If you are confident that raising the price 10 percent will not affect the demand for your product - well, in that case you can calculate an amount and add it to the value of the brand.
But you have to deduct a discount for risks. Because such studies after all do not have any concrete proof. In most cases, they are just speculations.
- Judging from RR example much depends on the buyer. Perhaps our companies simply lack the experience to find the right buyer who would be interested in their brand?
- Yes, it happens. And the example of BMW Corporation, which bought specifically the Rolls-Royce brand, is a good one. They paid GBP 40 million! And I don't know their motivation, when they decided that they had to have the brand. Option one: "OK, now we launch an extra-class car, and we will have to invest GBP 60 million into developing the new brand alone in the next three years." If that is the situation and you can get a well-developed and world-popular brand right away, then you will be interested indeed. It is huge economy. Provided that the available brand is strategically compatible with yours, of course.
If they believe that the brand is worth 40 million, that's what they will pay for it. But another client would probably not even give 10 million. That's why I always say that the value of the brand for a specific buyer is not the price of the brand that would be interesting for all buyers. So finding the right buyer is indeed the key to success.
- What's the highest price ever paid for a brand in Baltics?

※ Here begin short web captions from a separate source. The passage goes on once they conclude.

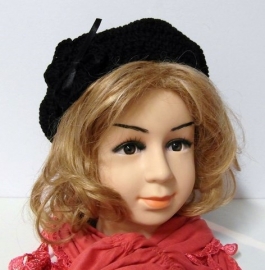 Gehaakte kinderbaret Noor 12 - zwart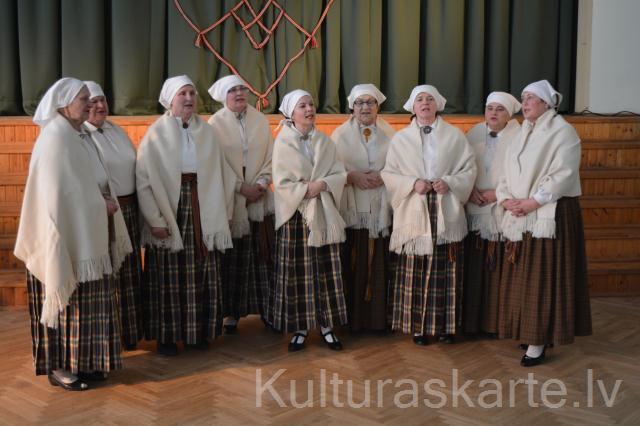 Starpnovadu etnografisko ansambļu un folkloras kopu skatē Žīguru KN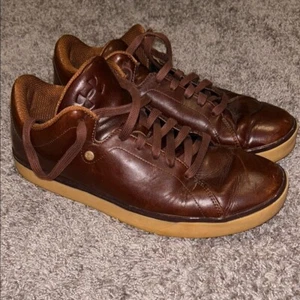 Under Armour Man Made Obermaterial Leder 11,5 Herren Krawattenschuhe Braun - Bild 1 von 6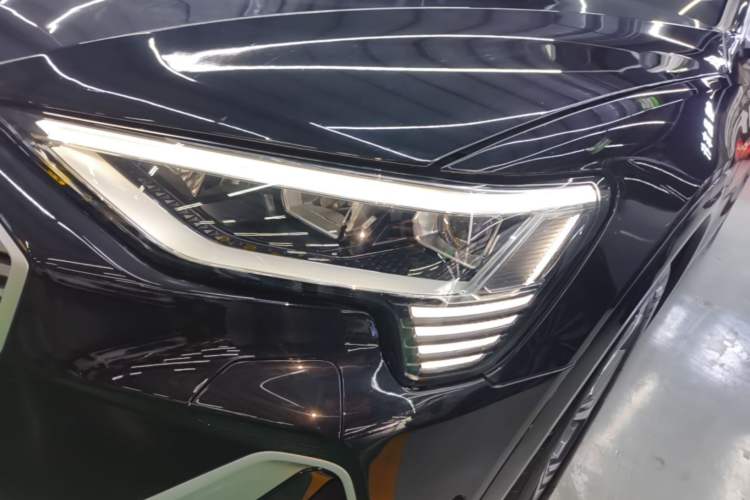 Used Audi e-tron 2021 50 quattro Prestige Edition Left Front Headlight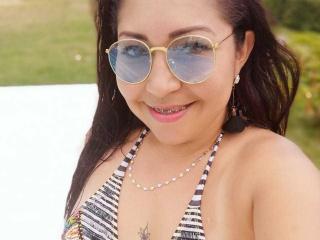 BritanyLondon - Live chat sex with this Hot chick with regular melons 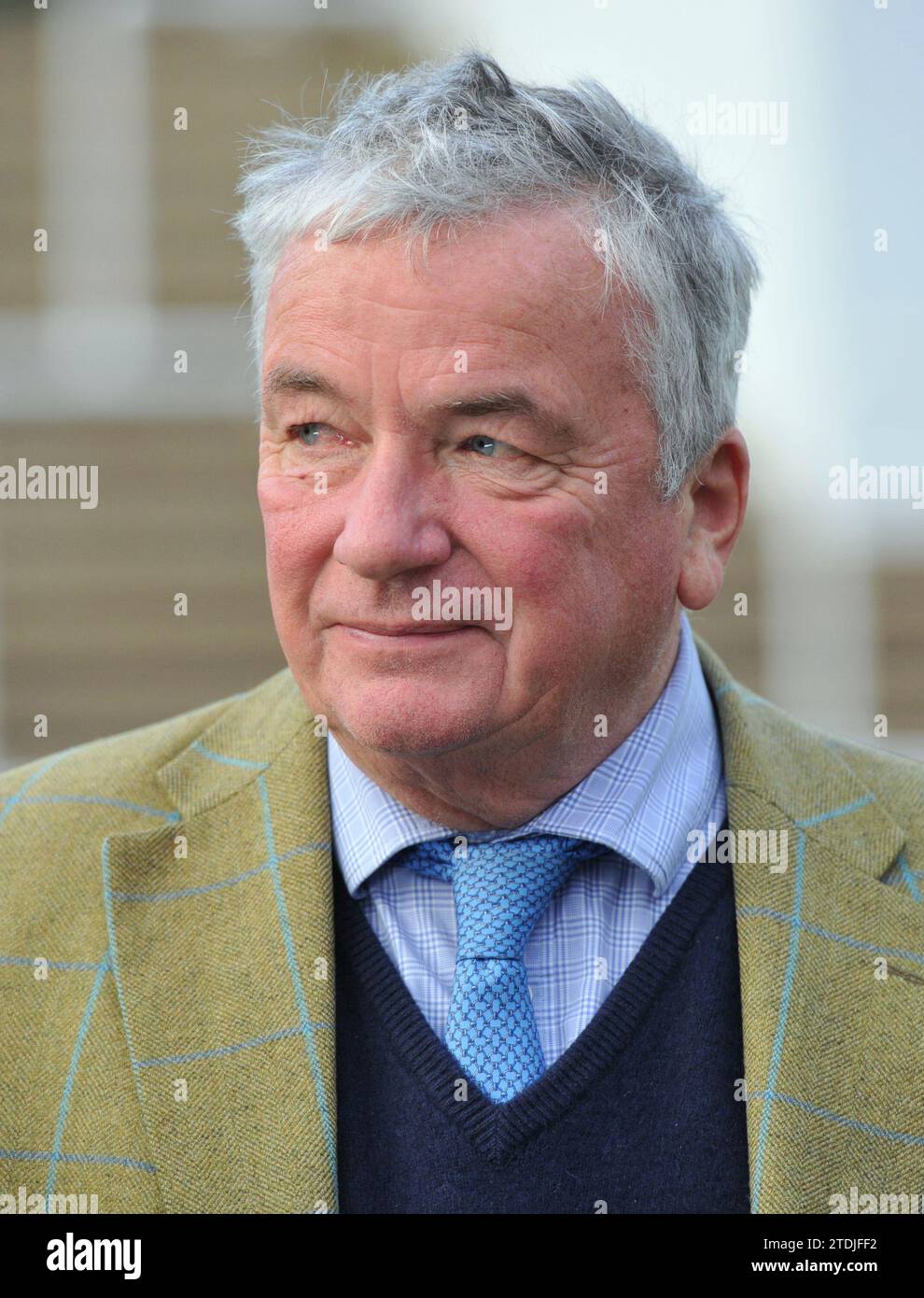 Entraîneur Nigel Twiston-Davies Racing à Cheltenham jour 2 de la Christmas Meet Race 5 The Favorite from the Sun Now Daily handicap Chase. Race Banque D'Images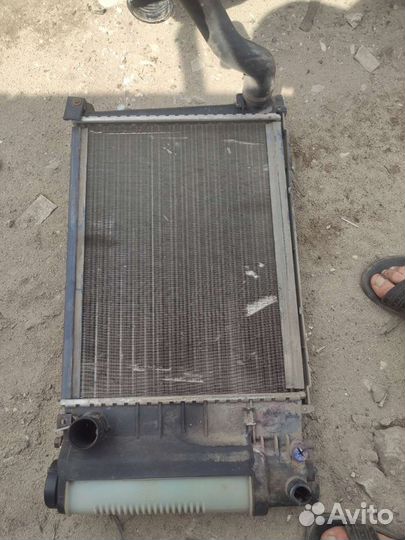 Радиатор охлаждения бмв е36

- (Pause) To be frank, I don't even know of such cases when a Baltic brand was assessed and bought. It is a problem of a market that is too young - it is just in its teens. In such a market, it is much easier to start a new business and develop a new brand than to buy an existing one. That's why most buyers here do not understand why they have to overpay for something totally intangible.
The only case in Lithuania was in the meat industry: a private businessman sold his Klaipedos mesa brand to a Finnish meat processing company. Apparently the Finns thought the opportunity to enter the patriotic Lithuanian market using a brand popular with local consumers was worth paying for. But again, we know nothing about the amount of the deal. In most cases they sell and buy not a brand on its own but a business together with the brand.
Conclusion
All what has been said rather falls into the "what would happen if only" area. The reality is much simpler than that, according to Aivars Jurcāns from KPMG: the buyer buys the business together with the brand, overpaying slightly for the latter.
- During the past 16 years, so many brands have changed here, and they all were so... short-lived! - Said the expert. - So buyers' skepticism is easy to understand: why pay significant amounts of money for something you cannot touch? There are very few exceptions.
Too little time has passed yet.
...Well, it seems we will have to wait about one hundred years or so.